Group B: Legend Page Indentation
Root cause: Two problems were compounded:
- The Vue.js component converted style attributes via DOM manipulation, but changes were not preserved through
outerHTML→ JSON conversion - The latest TEI source repository had changed CSS property names, so the fix worked locally (with older data) but failed in the CI environment
Fix: Changed to resolve styles after JSON conversion, and added support for both old and new CSS property names.
This issue took the longest to diagnose due to the data discrepancy between local and CI environments.
Group C: Analytics Page Link Breakage
Root cause: The linked page files did not exist.
Fix: The agent created two new pages. However, i18n support (translation key registration) and layout consistency with other pages were insufficient, requiring manual follow-up fixes.
Established Workflow
Through this process, we established the following workflow:
- Create branch: Cut a
fix/issue-descriptionbranch from dev - Update data source:
git pullthe external data repository to latest - Local verification: Checkout branch →
npm run dev→ verify in browser - Merge & push to dev: Merge to dev and push (CI auto-deploys)
- Verify on staging: Check the deployed environment
- Request review on issue: Add assignees and comment with verification steps
- Close: Close only after third-party confirmation
Progress Management with GitHub Projects
We introduced GitHub Projects V2 with 4 statuses: Todo → In Progress → Review Pending → Done to track issue phases.
Lessons Learned
1. Watch for Data Differences Between Local and CI
The external data repository was newer in CI than the local copy, causing a fix that worked locally to fail in the deployed environment. We added pulling the latest data source before starting work to our workflow.
2. Close Issues Only After Third-Party Review
Initially, agents automatically closed issues upon completing fixes. However, issues should only be closed after a third party has verified the fix. This is a basic quality control practice, but it is easily overlooked when delegating to AI tools.
3. Parallel Work with Worktrees Is Effective
Four agents working simultaneously in independent worktrees allowed efficient parallel development without interference. However, agent output is not always perfect, so manual review and additional fixes are sometimes necessary.

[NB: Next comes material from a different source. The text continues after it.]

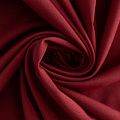 Ткань костюмная К33-446 бордовый однотонный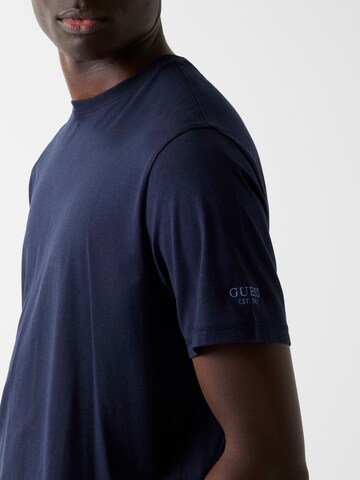 GUESS Shirt in Blue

4. Identifying the Root Cause Matters
The three issues in Group A appeared to be separate problems but all stemmed from the same location in the data conversion pipeline. The agent proposed a viewer-side fix, but the essential solution was fixing the data conversion. It is important not to blindly accept AI suggestions and to trace back to the root cause.
5. Verify CI Behavior
Confirming that deployments succeed is also important. In this case, a CI job had been cancelled, meaning a fix was not actually deployed despite being pushed.
Conclusion
By leveraging Claude Code’s worktree and agent features, we efficiently addressed 6 issues in parallel. At the same time, the process revealed that human verification remains essential — validating agent output, ensuring data consistency between local and CI environments, and establishing proper third-party review processes.
Note that the approach described in this article reflects the state of tools as of March 2026. Claude Code is rapidly evolving with new features such as co-works, and the way we handle parallel work and reviews is changing accordingly. Workflows themselves need to be continuously revisited as the tools improve.